- Born: Howard Martin September 20, 1936 Hamilton, Ontario, Canada
- Died: March 18, 2022 (aged 85)
- Occupations: Actor, wrestler
- Years active: 1968-1990
- Children: 2 Professional wrestling career
- Ring name(s): Howard Martin The Mask Pepper Martin
- Billed weight: 224 lb (102 kg)
- Trained by: Al Spittles
- Debut: 1957
- Retired: 1975

= Pepper Martin (actor) =

Canadian actor (1936–2022)

Howard Martin (September 20, 1936 – March 18, 2022), known as Pepper Martin, was a Canadian-American actor and professional wrestler.

==Early life==
Martin was born in Hamilton, Ontario. In 1944, when he was seven years old, "his parents went out for a night of dinner and dancing at the local Moose Hall. The festivities took place in a second-floor room that became a death trap when an arsonist set fire to the only stairwell. His father wrapped his mother in drapes to protect her and was opening a window that provided access to a nearby tree when the panicked crowd rushed at him and accidentally pushed him out the window and into the tree. The next day, his father sent him and older sister Eileen to an aunt's farm for a week. On the car ride back, he unceremoniously presented them with an article rehashing the gruesome details of that night and conveying the news of their mother's death."

At 16, Martin lied about his age and joined the Navy. "I was a big kid for my age ... [then] they found out how old I really was and kicked me out". He had been dating his future wife already and they were married July 21, 1956, when Martin was 19 years old. The union produced two daughters.

He took a job at Westinghouse in Hamilton, and a chance to play with the Hamilton Tigers football club came up. Needing to get in better shape, and rehab his knee, a friend directed Martin to a gym run by Al Spittles. The gym happened to be where local wrestlers trained and Pepper soon fell in with them, learning the sport.
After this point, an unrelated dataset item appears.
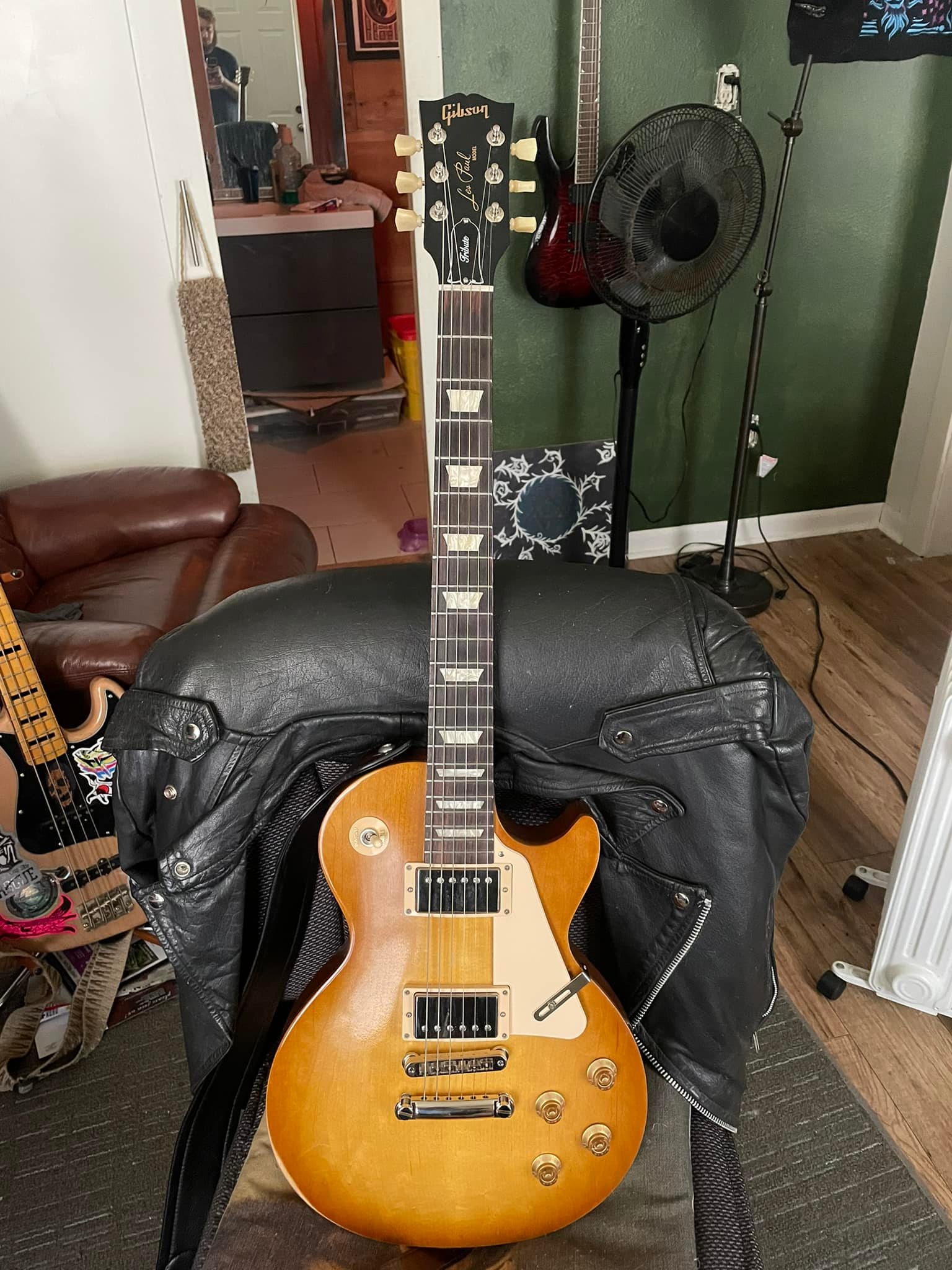 Gibson Les Paul Tribute guitar review and setup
==Professional wrestling career==
Martin debuted in 1957. In his first match, he teamed with Bolus against Johnny Evans (later Reggie Love) and Bull Johnson (father of "Bullwhip" Danny Johnson). Martin would live out of Windsor as he traveled the Detroit territory. He would leave for the Tennessee area and quickly return to Detroit, before going to work for Jim Barnett's Indianapolis territory, which had just opened in 1959. Even though he was still a preliminary wrestler, Pepper began making real money at this point, sometimes over $1,000 a night in the big arenas.

Martin moved his family to the States to work for Leroy McGuirk's Tulsa, Oklahoma, office in the 1960s and soon made good friends with his future tag partner and ring general, Al Lovelock. They worked out of New Orleans for a year; Pepper described the travel as "horrendous". They eventually made their way to Texas, where Pepper was stabbed by a fan. Returning home to Ontario to recoup, he later returned to Texas, but this time as a babyface (wrestling jargon for "good guy"). Over the next couple of years he would work in Minneapolis, Vancouver, and St. Louis before getting a phone call from Roy Shire, the promoter out of San Francisco. It was the call that would change his life by bringing him to the West Coast and his future on the silver screen.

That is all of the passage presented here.